# PROBLEM TO WORK ON
Every line of the material must be restated exactly, though not its pictures.

------------------------------------------------------------------------

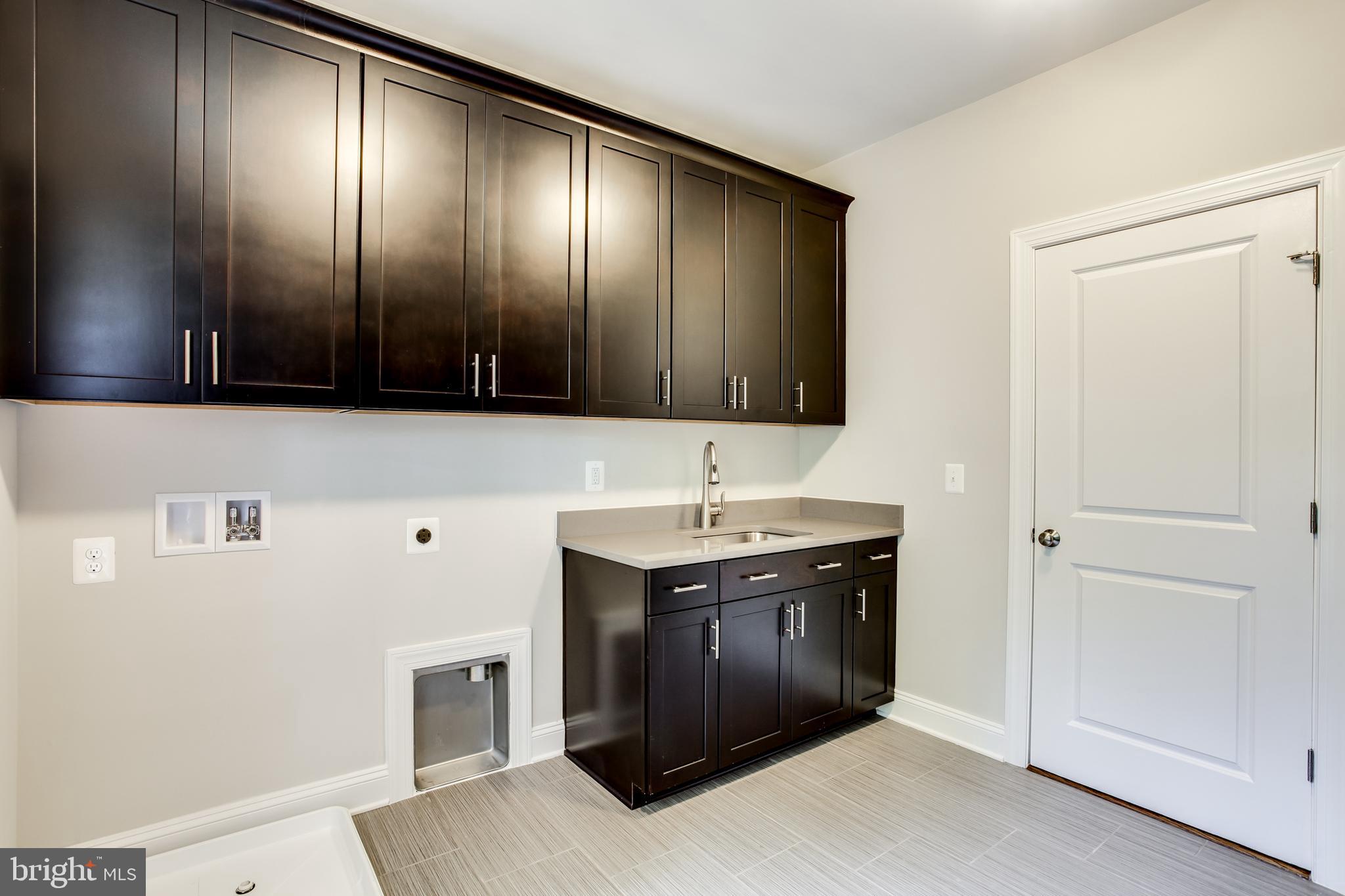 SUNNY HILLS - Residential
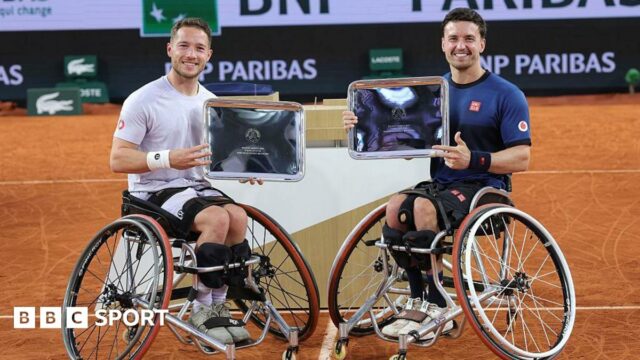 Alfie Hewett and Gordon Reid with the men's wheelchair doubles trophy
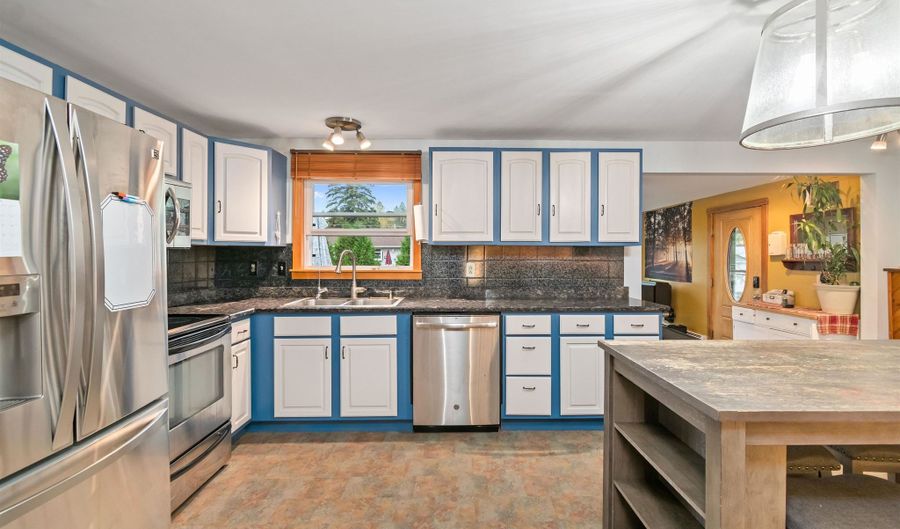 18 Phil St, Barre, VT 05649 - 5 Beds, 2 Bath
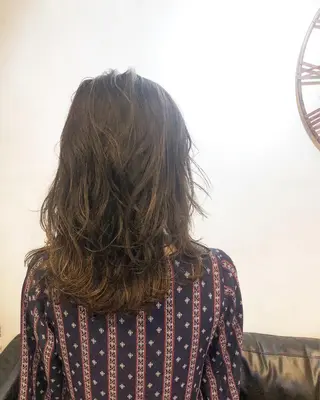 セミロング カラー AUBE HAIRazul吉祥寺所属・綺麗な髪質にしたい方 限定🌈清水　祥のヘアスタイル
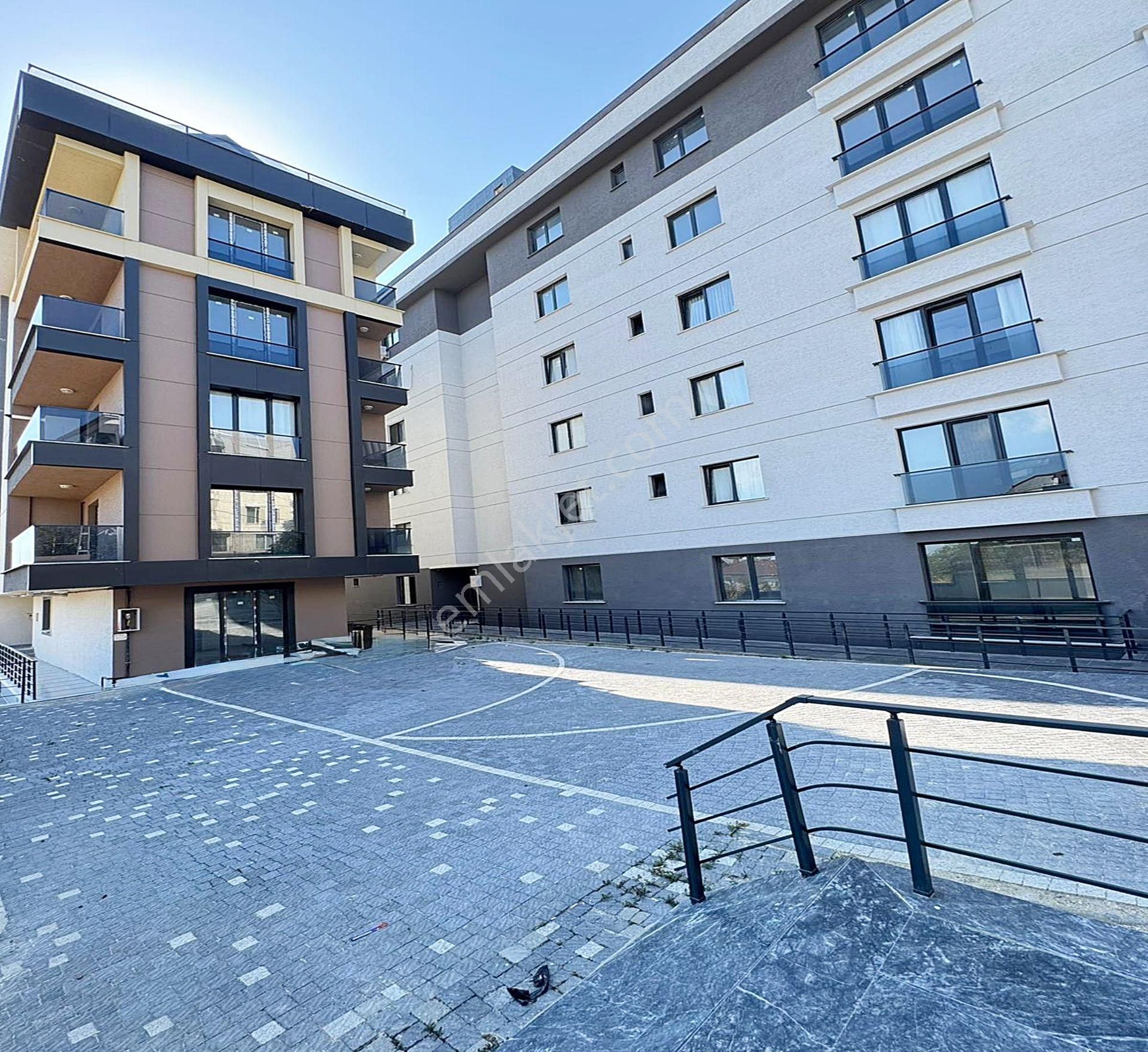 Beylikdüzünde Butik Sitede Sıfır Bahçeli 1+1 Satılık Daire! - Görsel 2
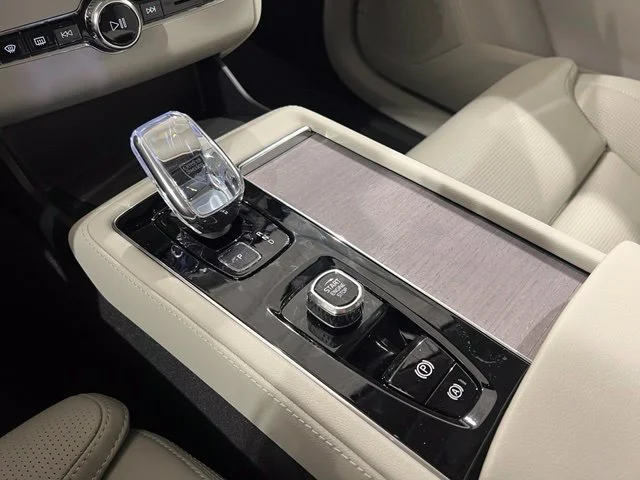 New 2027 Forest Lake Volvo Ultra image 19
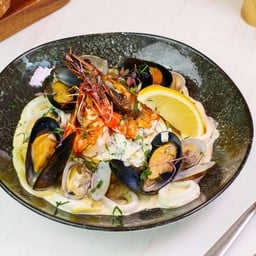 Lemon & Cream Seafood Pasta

------------------------------------------------------------------------

# SOLVED PROBLEM
 SUNNY HILLS - Residential
 Alfie Hewett and Gordon Reid with the men's wheelchair doubles trophy
 18 Phil St, Barre, VT 05649 - 5 Beds, 2 Bath
 セミロング カラー AUBE HAIRazul吉祥寺所属・綺麗な髪質にしたい方 限定🌈清水　祥のヘアスタイル
 Beylikdüzünde Butik Sitede Sıfır Bahçeli 1+1 Satılık Daire! - Görsel 2
 New 2027 Forest Lake Volvo Ultra image 19
 Lemon & Cream Seafood Pasta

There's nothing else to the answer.